What he is asking might sound strange and funny to most of us. However, when it comes to control panels sometimes it is a must.


----------



## fluca1978 (Dec 7, 2011)

gkontos said:
			
		

> What he is asking might sound strange and funny to most of us. However, when it comes to control panels sometimes it is a must.



Are you referring to some FreeBSD specific control panel or to an application based one? because the latter can use any authentication system is required, even an ad-hoc one.


----------



## gkontos (Dec 7, 2011)

fluca1978 said:
			
		

> Are you referring to some FreeBSD specific control panel or to an application based one? because the latter can use any authentication system is required, even an ad-hoc one.



No, I am referring to control panels like CPANEL, WHM, VIRTUALMIN, etc.
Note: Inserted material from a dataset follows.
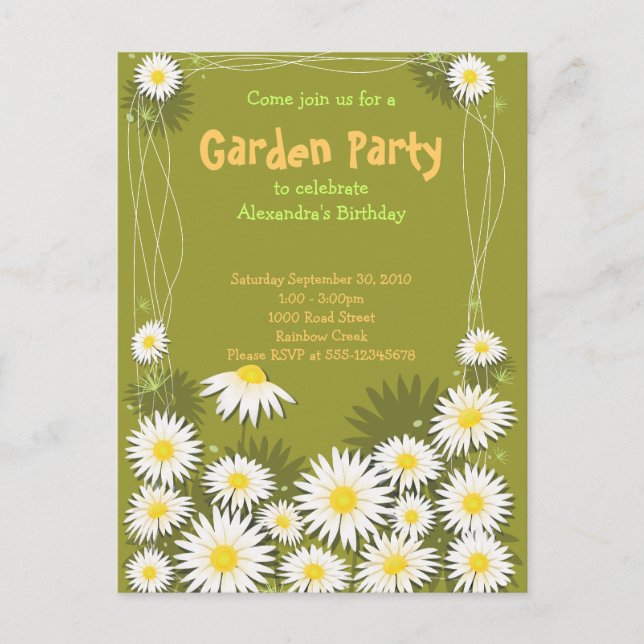 Daisy Garden Birthday Party Invitation Postcard (Front)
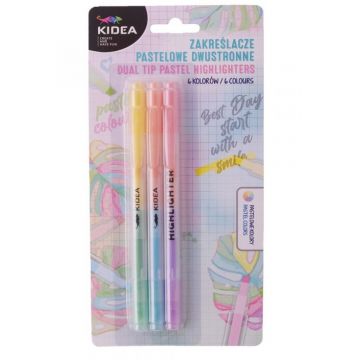 Textmarkere Kidea - cu doua varfuri, pastel, 3 buc., 6 culori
The majority of control panels that I have seen require long usernames for setting up virtual email accounts. 

I don't like this technique for setting up email accounts. I prefer to keep all my users to a database, separated from OS accounts. That's the way I have done it but in order to make it work I had to improvise a lot !

Regards


----------



## amilojko (Dec 8, 2011)

gkontos said:
			
		

> What he is asking might sound strange and funny to most of us. However, when it comes to control panels sometimes it is a must.



Bingo! This is the meat and potatoes. Nobody today uses Unix to login via serial terminal Wyse60 or something and do email. Or is there?!
Time is money and sometimes you have to deploy quickly. CentOS can be ready to rock in 2 hours flat. No experience necessary. FreeBSD in 24-48. Trust me, inexperienced user will always win. There are a lot more of them.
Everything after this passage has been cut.